Воздух в палате был пропитан запахом лекарств. Татьяна подняла глаза на жидкость в капельнице: вначале это было нечто розовое, теперь — нечто прозрачное. Голова болела, взгляд с трудом сосредоточивался на окружающих предметах. Дальние — окно, ветку — рассматривать было легче. Ближние расплывались, в глазах появлялась противная резь, выступали слезы. Татьяна закрыла глаза и сразу увидела Георгия — живого, веселого. Он сидел на песке босиком, в пыльном измятом костюме, и протягивал ей на ладони ее часы…
— Вы уронили, леди…
Слеза тихонько скатилась из уголка ее глаза, соскользнула к виску, щекоча кожу. Когда Таня была маленькой, она часто плакала в постели от обиды или какого-нибудь детского страха, и тогда слезы, катящиеся по ее лицу, затекали в уши. «Ну, рева-корова, опять полные уши слез», — говорила тогда мама, присаживаясь рядом.
Татьяна чуть шевельнула пальцами, точно хотела нащупать мамину руку на краю кровати.

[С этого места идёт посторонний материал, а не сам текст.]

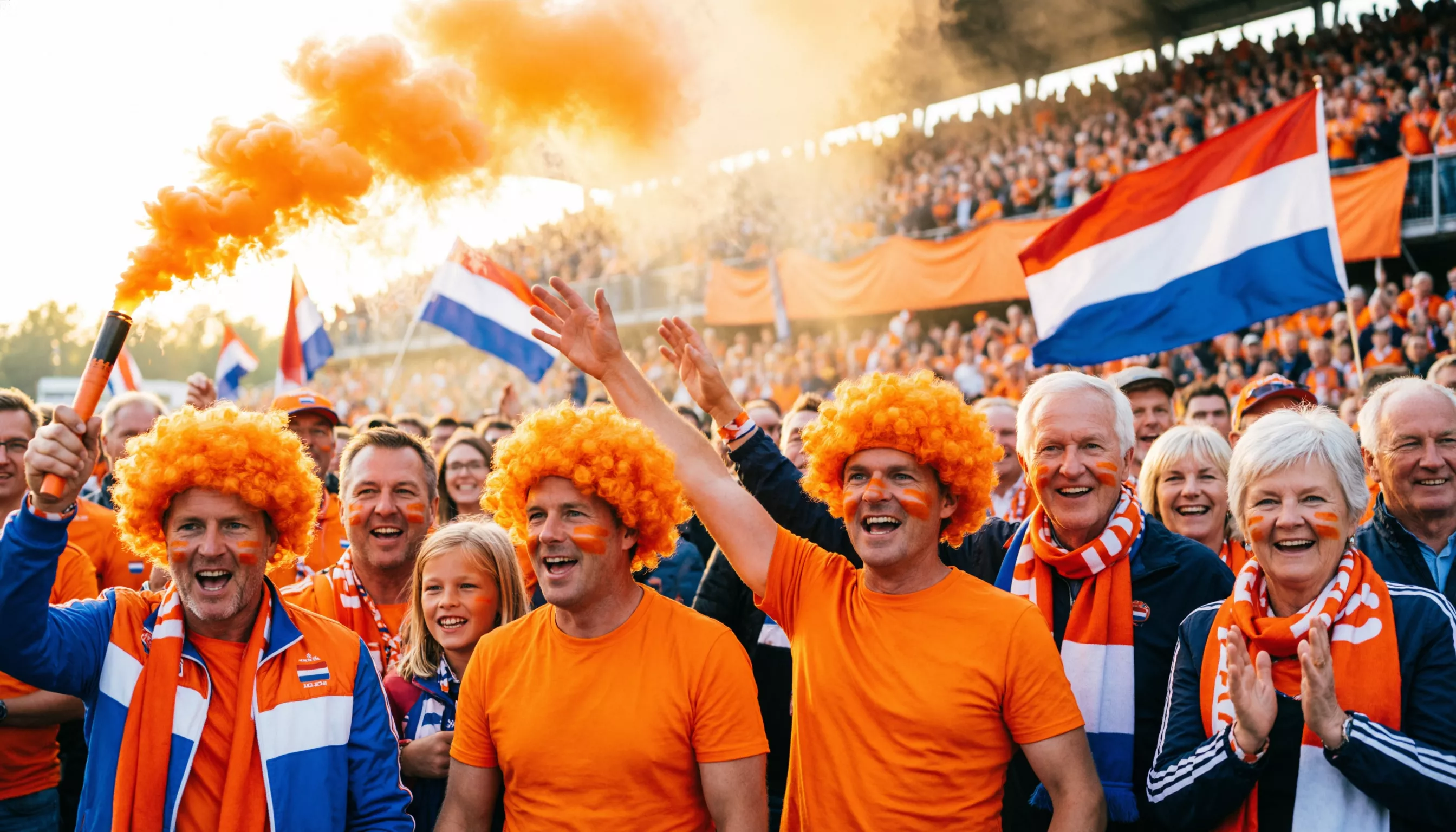 Nederlandse F1 fans in oranje bij Grand Prix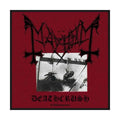 Official Mayhem Patch | "Deathcrush" Woven Patch | Black Metal Merch | 10 x 10 cm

Но пальцы ощутили только прохладу чужой, казенной простыни.
— Таня! — раздалось над ухом. — Ты плачешь, Таня?.. Таня, проснись!
Георгий пропал. Но голос, звавший ее, был знакомым. Ирка…
Татьяна не спешила открывать глаза. Перед ее мысленным взором стоял грязный двор дилершипа, ленивый хозяин, красный кадиллак с откидным верхом. И Иркин голос по телефону: «Уезжаете? Куда?» И свой ответ: «В Мексику… ты можешь представить себе меня на красном кадиллаке?..»
— Таня!.. Танька!.. — в голосе подруги зазвучали слезы.
Татьяна медленно открыла глаза. Лицо Ирины колыхалось перед ней светлым размытым пятном. Рука с алым маникюром комкала бумажный носовой платок. Рука выглядела отчетливей, чем лицо, — возможно, из-за яркого лака. Татьяна смотрела на длинные ухоженные ногти и молчала.
— Таня!.. — Иринино лицо склонилось ниже. — Танечка, ты меня слышишь?..
Татьяна с трудом перевела взгляд на это лицо, теперь видимое еще менее отчетливо, рябившее перед глазами, заставляющее зрачки сужаться, как от яркого света.